In yesterday’s sermon, I spoke of our common human dignity as created in God’s image. At the time, I wasn’t conscious that I wasn’t referring to myself (whom I know all too well: my little good and my lot of bad!), but rather to everyone else.

A dear friend, Teri Wiedeman-Rouse, responding to the sermon wrote, in part: “Ah, dignity! We all have it. We just don’t all see it in ourselves…”

Aha, thank you, Teri! My seeing dignity in others, I can and will do. Seeing it in myself? Not so much.

So, taking to heart Teri’s counsel, I behold this saving grace: When I, with my soul’s sight, can see how God sees me – in the words of the psalmist, “fearfully and wonderfully made,” and in the words of the Apostle Paul, “a new creation” – then I can forswear my perfect self, and relax and rejoice in the me who I am!

© 2021 PRA

Endnote: Psalm 139.14; 2 Corinthians 5.7

4 thoughts on “Some things I have learned #20

  1. Paul,

    I really appreciate Terri’s counsel and that you’re in a place where you can relax and rejoice in the YOU that you ARE!! Many others rejoice in that as well.

    I’ve always believed that dreams show us what some of our potential options are and then our life unfolds according to God’s plan. I’d love to see the flip side of this post, where you share all of the accomplishments you have achieved in your almost 70 years of life, like maybe what you see as your Top 10 List. It’s so interesting how others see us so differently from how we see ourselves.


    Liked by 1 person

  2. Ah, Loretta, always, you are kind to me: “…I’d love to see the flip side of this post, where you share all of the accomplishments you have achieved in your almost 70 years of life, like maybe what you see as your Top 10 List…”
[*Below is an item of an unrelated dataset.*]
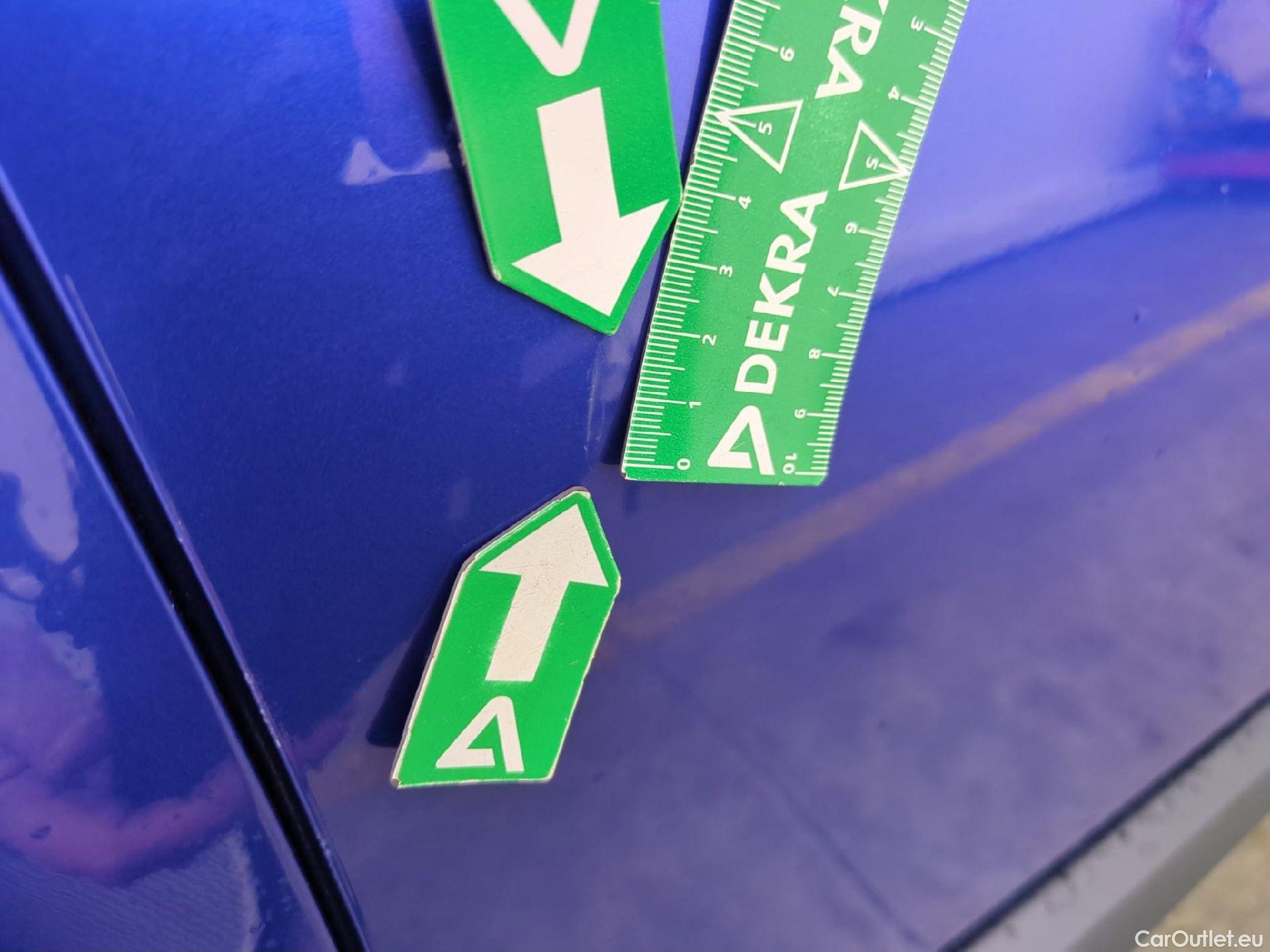  Toyota  C-HR TOYOTA  / 2016 / 5P / SUV 2.0 Hybride 184 Dynamic Business Beyond #5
    Your comment brings to mind a seminar I attended, now, many years ago. The focus was on individual accomplishments. The facilitators, initially, asked each of us to name one accomplishment, and then to describe what we had done to make it happen. To a person, each of us began to speak of the cooperation and shared gifts of others who joined in, taking part to achieve the goal. The facilitators said, as I recall, “No, we want to know what YOU did!” It was an eye-opening moment for each of us. For none of us, at first, would have thought to speak only of ourselves. Perhaps out of modesty or, in fact, truly believing that none of us stands alone to do anything (which I believe to be true!). Nevertheless, the facilitators then said, “If we are taught to learn from our mistakes, why cannot we also learn from our successes. And in order to do that, we, each and all, must claim our personal, individual contributions.”

    I share this with you, which, again your recommendation above brought to mind (for I hadn’t thought about this experience in years), for I will ponder producing a flip side of this post! AND your counsel that I prepare a Top 10 List reminds me of our collaboration on my book of sermons. For you asked me, “What are your top sermons? Make a list and we’ll go from there!”

    Love you

    Liked by 2 people

  3. YES!!!!! I remember that sermon conversation!!! It’s time for the next book of sermons now right??? I look forward to reading the flip side of this post!!
    Love ya back!!

    Liked by 1 person

  4. Hmmm, I don’t think there will be another book of sermons, Loretta. However, your idea about the flip-side of this post intrigues me. I’ll have to ponder that.